Looks like a Derrick, or maybe Vinnie.


----------



## Browder (Jun 5, 2010)

You almost put this in the right place, but not quite. Should be in fursona personas. 

And I say Oskar Brodie.


----------



## Luca (Jun 5, 2010)

I like the way he looks. But as for a name I'm not that creative so I can't really help.


----------



## MichaelFoster (Jun 5, 2010)

How bout Gunther? Or maybe Winslow?


----------



## Joeyyy (Jun 5, 2010)

ive been trying to find a name for him to help but im seriously stumped....:c


----------



## Silver Dragon (Jun 5, 2010)

I think Lucas would fit.


----------



## Joeyyy (Jun 5, 2010)

Silver Dragon said:


> I think Lucas would fit.



Blucas cuz hes blue ho ho ho :V


----------



## MichaelFoster (Jun 5, 2010)

Joeyyy said:


> Blucas cuz hes blue ho ho ho :V


 Dont ever have kids! Lol


----------



## SecretDesire (Jun 5, 2010)

I kinda like Lucas. We can call him Luke. Lucas Jones. L.J. for short. 

Ronald comes to mind too. Kinda looks like the type of guy that goes by a nick name because he isn't fond of his real name.


----------



## Joeyyy (Jun 5, 2010)

MichaelFoster said:


> Dont ever have kids! Lol



offtopic:  no lie my mom said that my dad told the doctor my name was "Spot" before my mom stopped him.


----------



## MichaelFoster (Jun 5, 2010)

Hmm...Winslow's never failed me before. Yeah, how about Megatron? I can swear made it up but it sounds so damn familiar.


----------



## MichaelFoster (Jun 5, 2010)

Joeyyy said:


> offtopic:  no lie my mom said that my dad told the doctor my name was "Spot" before my mom stopped him.

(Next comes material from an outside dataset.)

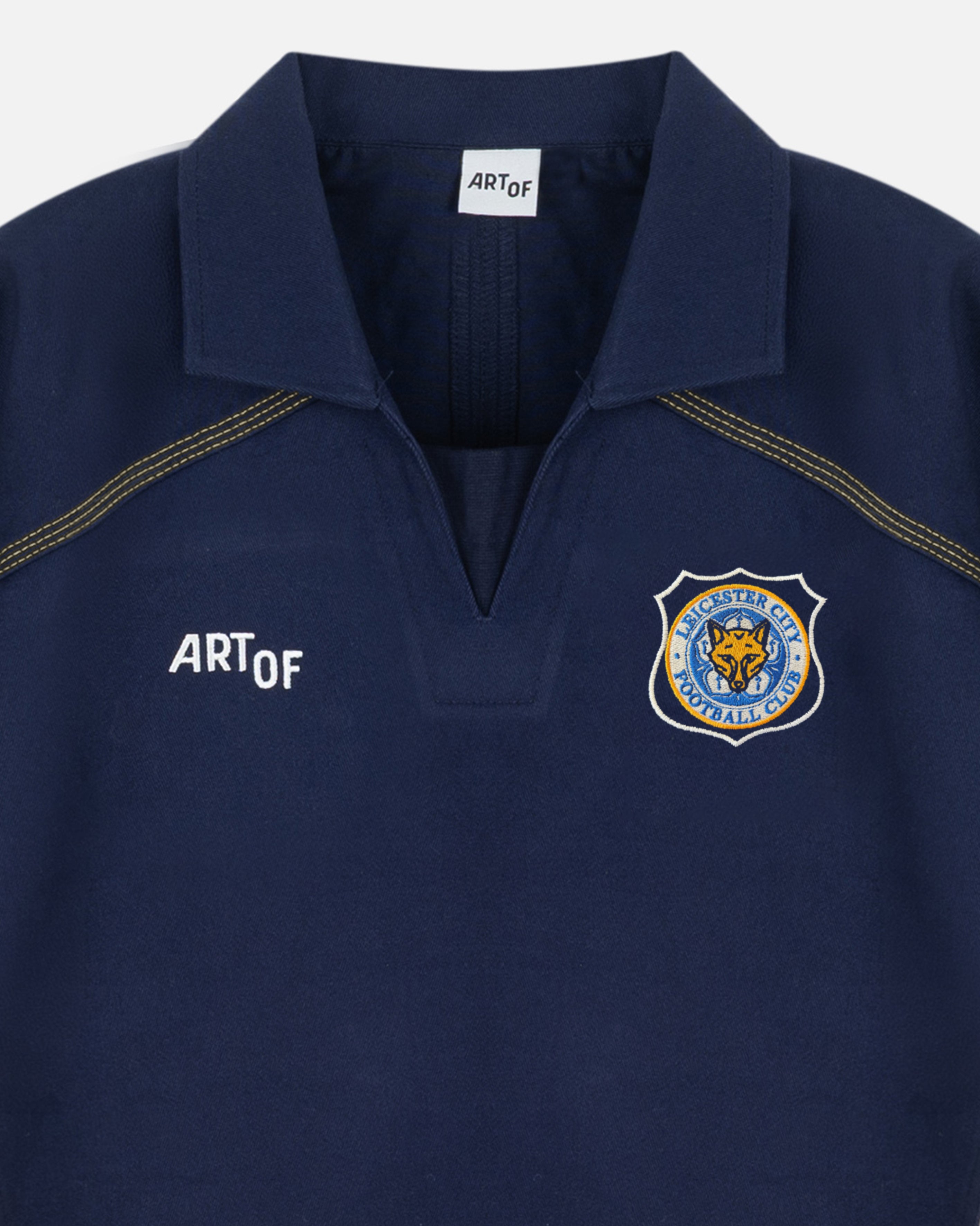 ART OF x Leicester Drill Top | Long Sleeved Embroidered Football Merch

Spot because you were a spot ho ho ho :V

see how it feels?!


----------



## Joeyyy (Jun 5, 2010)

MichaelFoster said:


> Spot because you were a spot ho ho ho :V
> 
> see how it feels?!



...wat? :/


----------



## Jesie (Jun 5, 2010)

How about Silver Paw Star White Wolf Penis Lover?

Too over done?


----------



## MichaelFoster (Jun 5, 2010)

Joeyyy said:


> ...wat? :/



In your mommy's belly? Ya know..you were a spot?


----------



## Browder (Jun 5, 2010)

Hey the thread got moved!

Also why are we using normal names? Our moderators have names like Nylak,Xaerun, Carenath and Ariel so we can think of something a little different, can't we?


----------



## Jesie (Jun 5, 2010)

Browder said:


> Hey the thread got moved!
> 
> Also why are we using normal names? Our moderators have names like Nylak,Xaerun, Carenath and Ariel so we can think of something a little different, can't we?



Ahem:




Jesie said:


> How about Silver Paw Star White Wolf Penis Lover?
> 
> Too over done?


----------



## MichaelFoster (Jun 5, 2010)

Browder said:


> Hey the thread got moved!
> 
> Also why are we using normal names? Our moderators have names like Nylak,Xaerun, Carenath and Ariel so we can think of something a little different, can't we?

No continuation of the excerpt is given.